Before he could land, a wild southern wind blew Narváez from his course and when he and his crew finally made shore they stumbled into a swamp where the remains of a shipwreck had rotted into the muck and the bodies of Spaniards wrapped in deerskin were laid out on the beach. They couldn’t find any Indians but they heard them dancing at night and one of the men said they probably wore turquoise and gold and ate the raw hearts of living men.

They buried the dead.

Then Narváez landed his army, including Cabeza de Vaca, and sailed his fleet for the mouth of the Rio de las Palmas. The two forces were meant to meet several months later to create a colony at the mouth of the great river. He never found the river and sailed back for his men. But they were gone. He searched for a year, then sailed, a failure, to Veracruz. Three hundred men had disappeared between the forest and the sea.

Cabeza de Vaca, the aristocratic son of a well healed family in Jerez de la Frontera, was to be the royally appointed treasurer of the new colony. Of the three hundred missing men, only he and four others survived. The three survivors walked for seven years to reach the safety of the Spanish colony in Mexico.
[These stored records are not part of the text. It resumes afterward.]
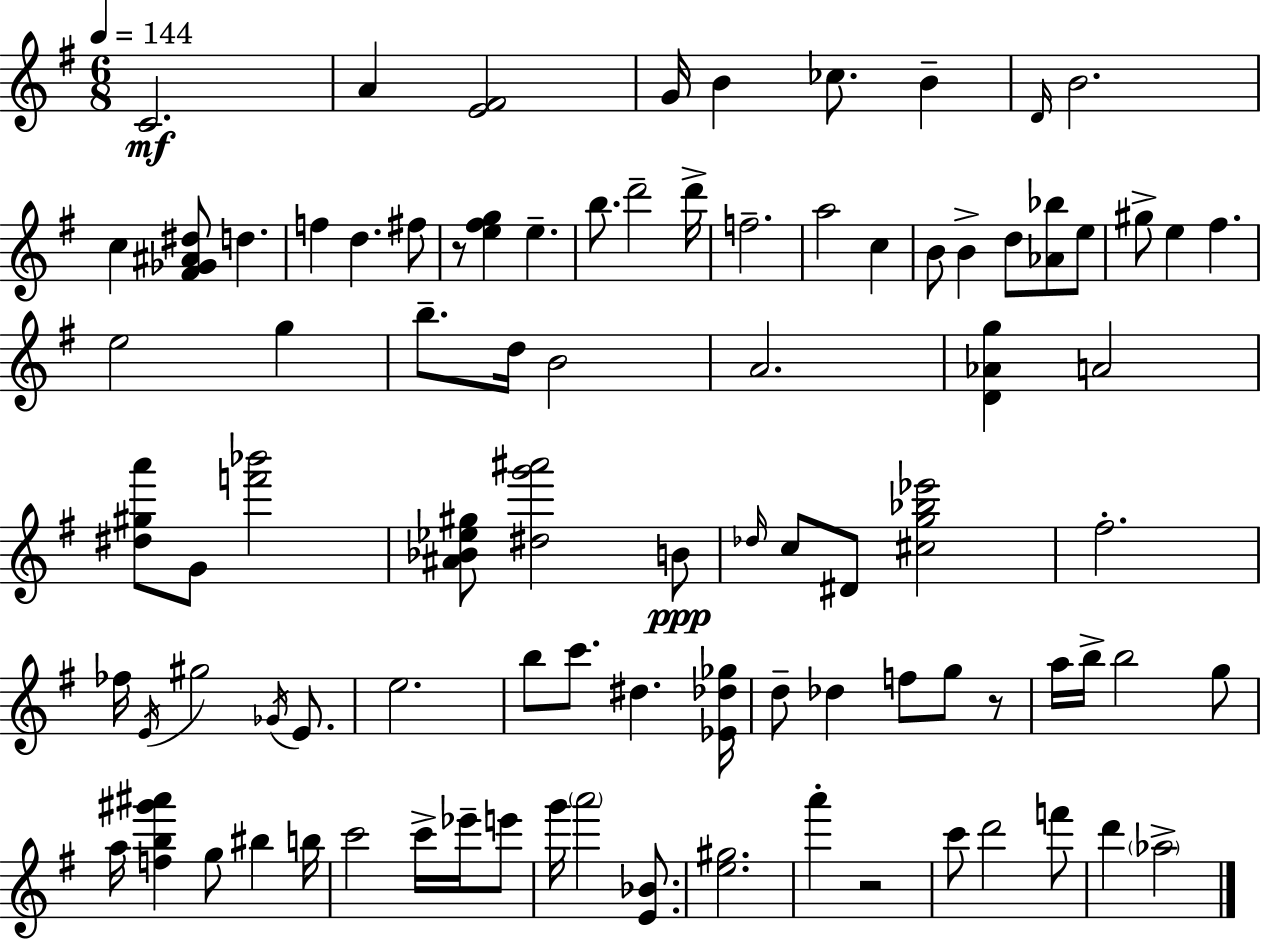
{
  \clef treble
  \numericTimeSignature
  \time 6/8
  \key g \major
  \tempo 4 = 144
  c'2.\mf | a'4 <e' fis'>2 | g'16 b'4 ces''8. b'4-- | \grace { d'16 } b'2. | \break c''4 <fis' ges' ais' dis''>8 d''4. | f''4 d''4. fis''8 | r8 <e'' fis'' g''>4 e''4.-- | b''8. d'''2-- | \break d'''16-> f''2.-- | a''2 c''4 | b'8 b'4-> d''8 <aes' bes''>8 e''8 | gis''8-> e''4 fis''4. | \break e''2 g''4 | b''8.-- d''16 b'2 | a'2. | <d' aes' g''>4 a'2 | \break <dis'' gis'' a'''>8 g'8 <f''' bes'''>2 | <ais' bes' ees'' gis''>8 <dis'' g''' ais'''>2 b'8\ppp | \grace { des''16 } c''8 dis'8 <cis'' g'' bes'' ees'''>2 | fis''2.-. | \break fes''16 \acciaccatura { e'16 } gis''2 | \acciaccatura { ges'16 } e'8. e''2. | b''8 c'''8. dis''4. | <ees' des'' ges''>16 d''8-- des''4 f''8 | \break g''8 r8 a''16 b''16-> b''2 | g''8 a''16 <f'' b'' gis''' ais'''>4 g''8 bis''4 | b''16 c'''2 | c'''16-> ees'''16-- e'''8 g'''16 \parenthesize a'''2 | \break <e' bes'>8. <e'' gis''>2. | a'''4-. r2 | c'''8 d'''2 | f'''8 d'''4 \parenthesize aes''2-> | \break \bar "|."
} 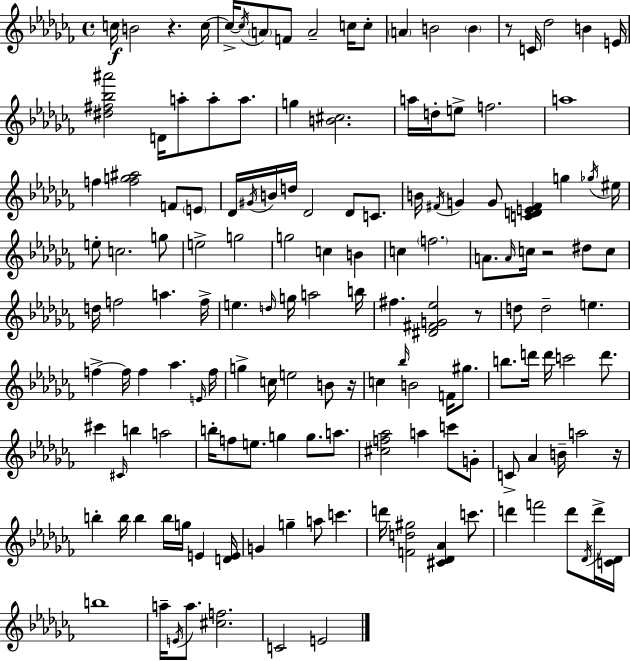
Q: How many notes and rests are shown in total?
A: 149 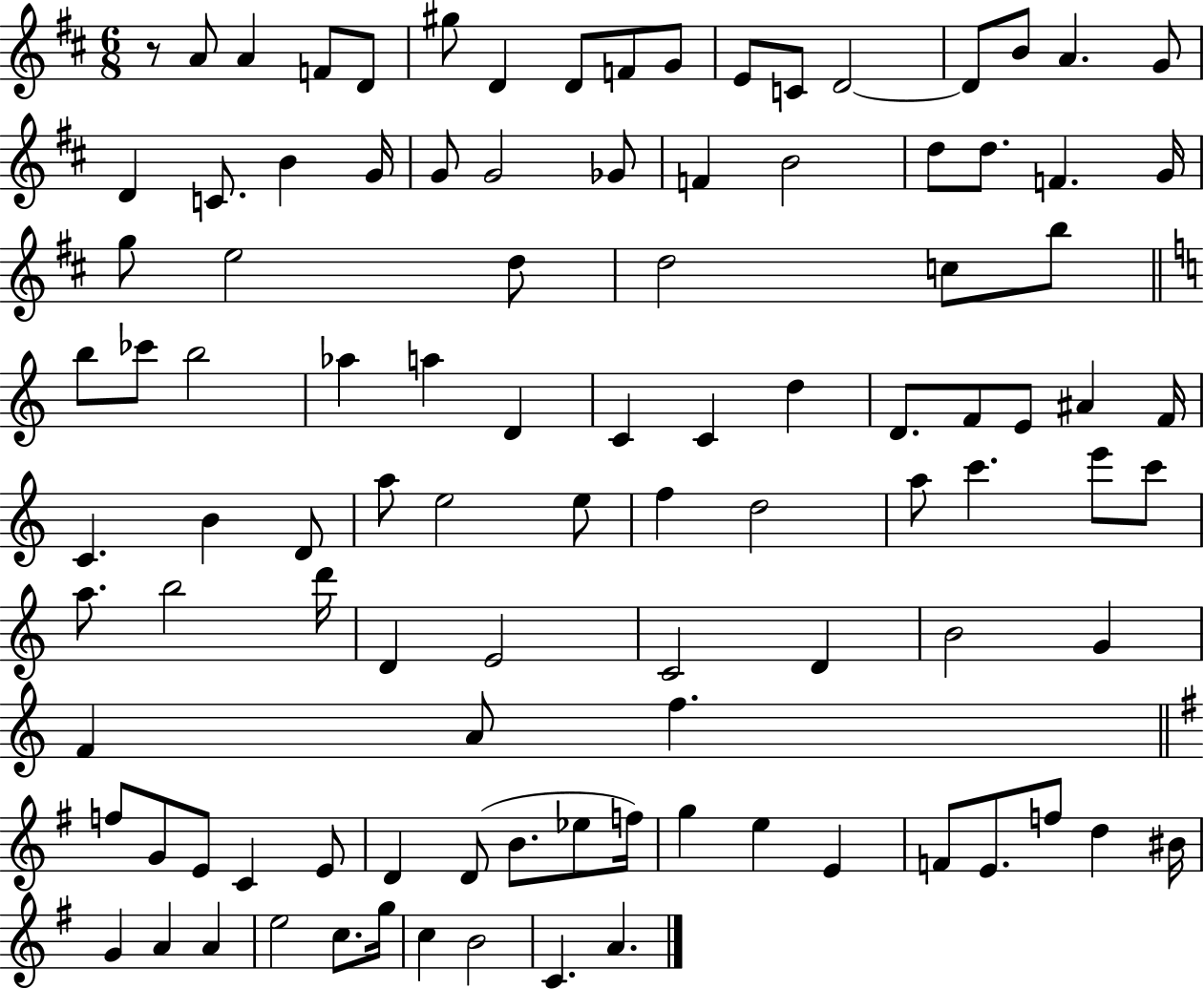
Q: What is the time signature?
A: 6/8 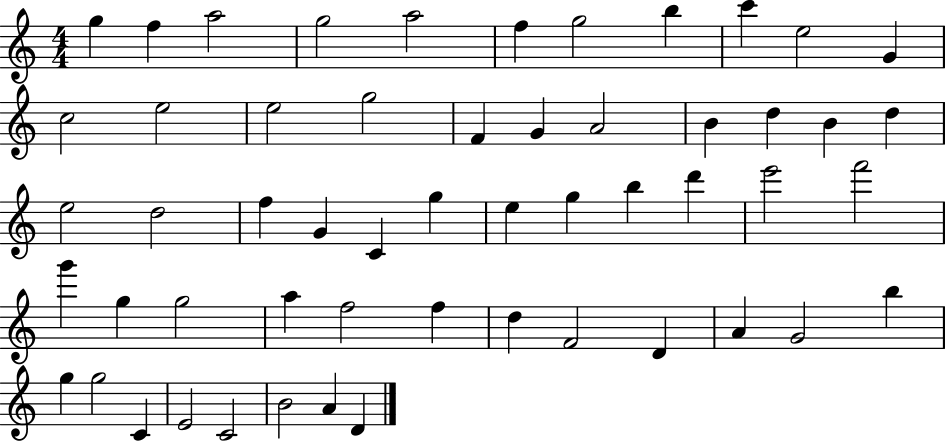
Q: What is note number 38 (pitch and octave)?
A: A5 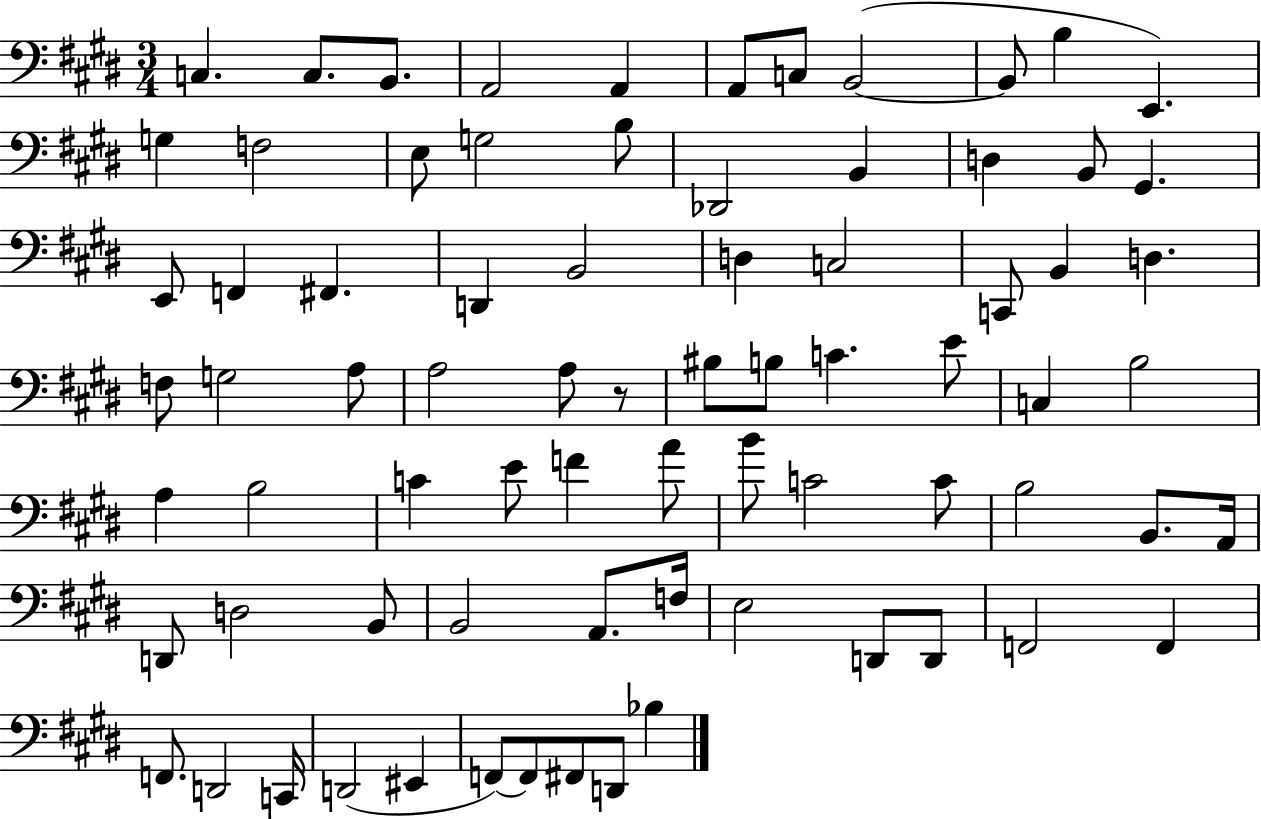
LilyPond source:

{
  \clef bass
  \numericTimeSignature
  \time 3/4
  \key e \major
  c4. c8. b,8. | a,2 a,4 | a,8 c8 b,2~(~ | b,8 b4 e,4.) | \break g4 f2 | e8 g2 b8 | des,2 b,4 | d4 b,8 gis,4. | \break e,8 f,4 fis,4. | d,4 b,2 | d4 c2 | c,8 b,4 d4. | \break f8 g2 a8 | a2 a8 r8 | bis8 b8 c'4. e'8 | c4 b2 | \break a4 b2 | c'4 e'8 f'4 a'8 | b'8 c'2 c'8 | b2 b,8. a,16 | \break d,8 d2 b,8 | b,2 a,8. f16 | e2 d,8 d,8 | f,2 f,4 | \break f,8. d,2 c,16 | d,2( eis,4 | f,8~~) f,8 fis,8 d,8 bes4 | \bar "|."
} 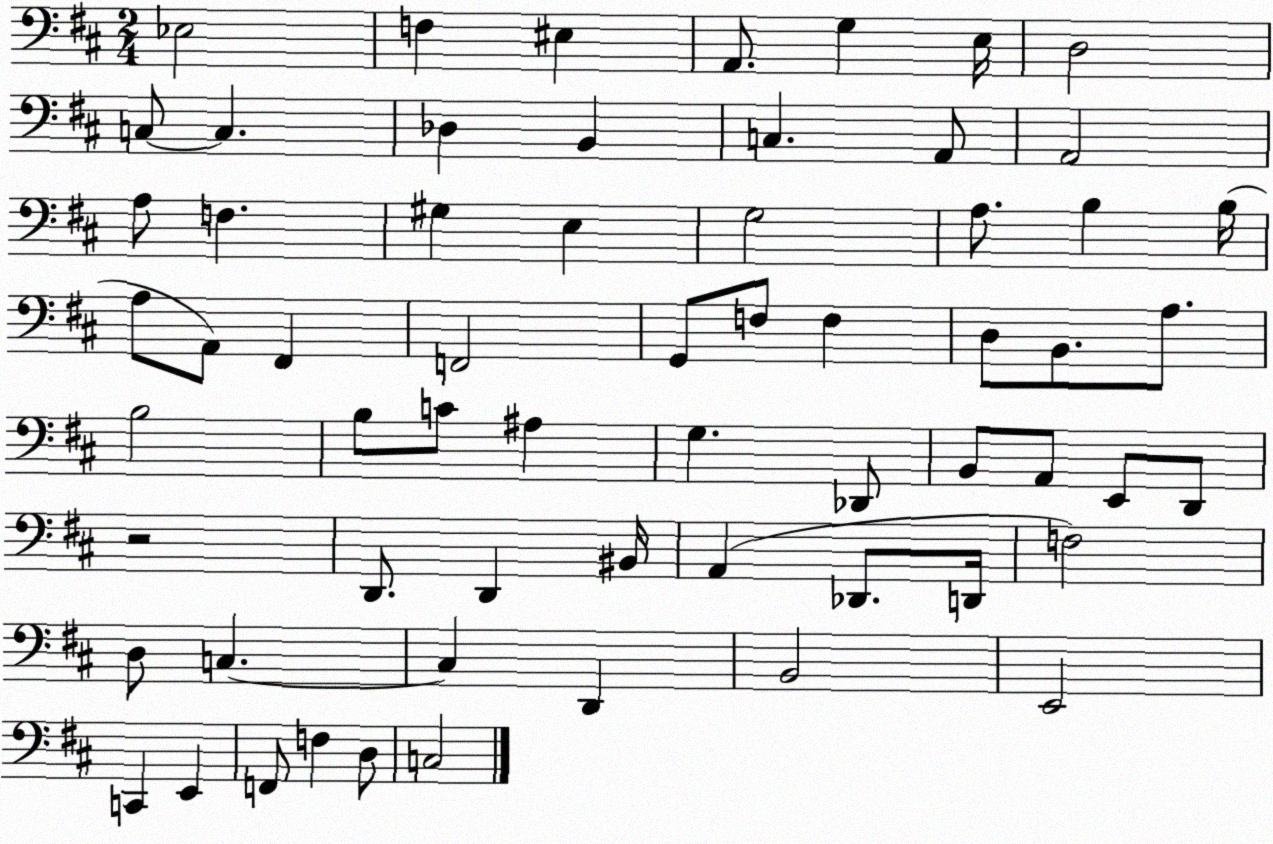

They walked from Florida to Oklahoma and through Texas to New Mexico. From there they walked south through Sonora, Durango and Sinaloa to Mexico City. Along the way they crossed the upper portion of the Rio de las Palmas in what is now New Mexico, but they didn’t know it.

Cabeza de Vaca

I pictured a naked man like a minotaur, except the head was dull and sullen and dumb like the cows that grazed in the National Forest near our home and yet somehow he stuck in my mind as very intelligent.

The naked cow-headed man led the other naked men through deserts and grasslands and forests and the Indians looked at them with pity and as if they were stupid and crazy. The Indians fed them and gave them clothes and told them of great cities to the north. When they reached Mexico City they didn’t feel as free as they had in the Wilderness and they slept on the floor because their bodies were not used to beds and fine cloth irritated their skin. After several months, when they finally became accustomed to beds again, the four survivors encouraged the Spanish Governor of Mexico to send an army back North to conquer the people who had helped them on their seven year march.

The message I took to heart was that one could walk to freedom. If you stopped walking you were doomed to the destruction of others.

My dad extolled the virtues of walking, refusing to take the car for short trips and leading us on hiking tours in the mountains. Every night, before bed, he led my younger brother and I on “a brisk walk” through the neighborhood, pushing us as fast as our little legs would go before dragging us home where we collapsed into bed, sleeping soundly and silently.

It was a wise parenting method.

When I was seventeen and desperately seeking a way to escape my town, I remembered Cabeza de Vaca and went to the basement to find the book. But most of the books had been eaten by a small worm that left only piles of mealy dust. The rest were destroyed sometime later when the basement flooded in an August downpour.

I never understood why those books were hidden in the basement.